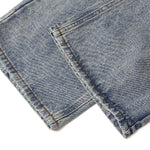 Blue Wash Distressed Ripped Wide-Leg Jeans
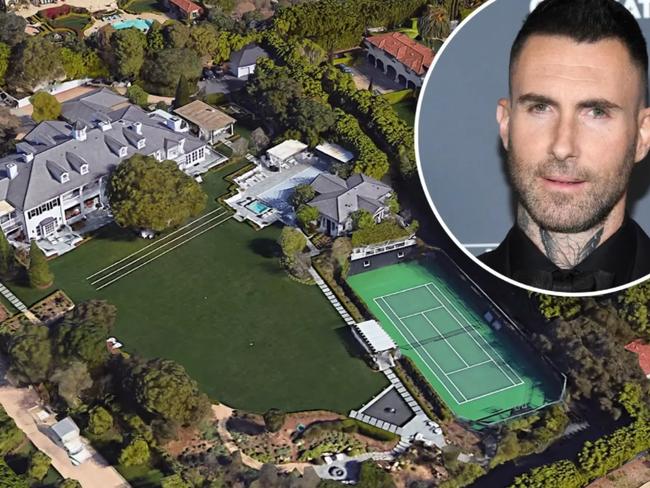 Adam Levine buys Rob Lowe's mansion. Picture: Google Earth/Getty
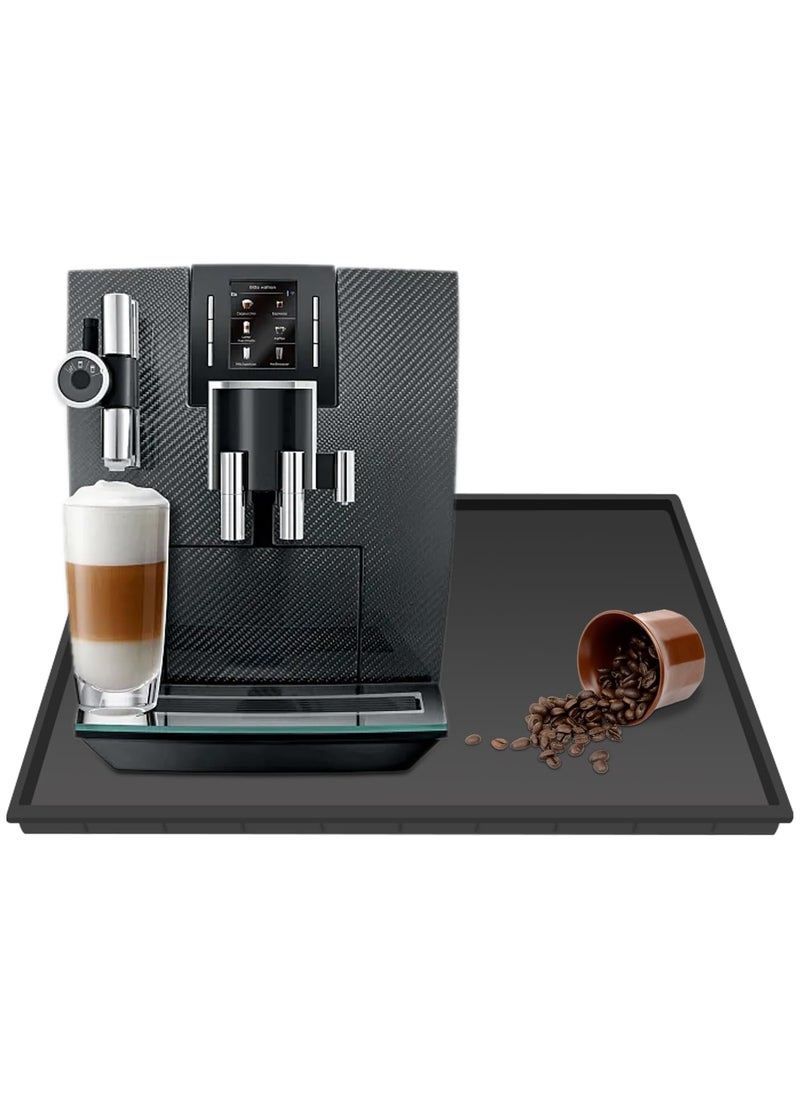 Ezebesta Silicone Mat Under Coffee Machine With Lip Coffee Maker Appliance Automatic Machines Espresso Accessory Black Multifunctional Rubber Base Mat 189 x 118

EXERCISE AIM:
The full listing, transcribed exactly and without its pictures, is the expected result.

RESULT OF THIS TASK:
 Blue Wash Distressed Ripped Wide-Leg Jeans
 Adam Levine buys Rob Lowe's mansion. Picture: Google Earth/Getty
 Ezebesta Silicone Mat Under Coffee Machine With Lip Coffee Maker Appliance Automatic Machines Espresso Accessory Black Multifunctional Rubber Base Mat 189 x 118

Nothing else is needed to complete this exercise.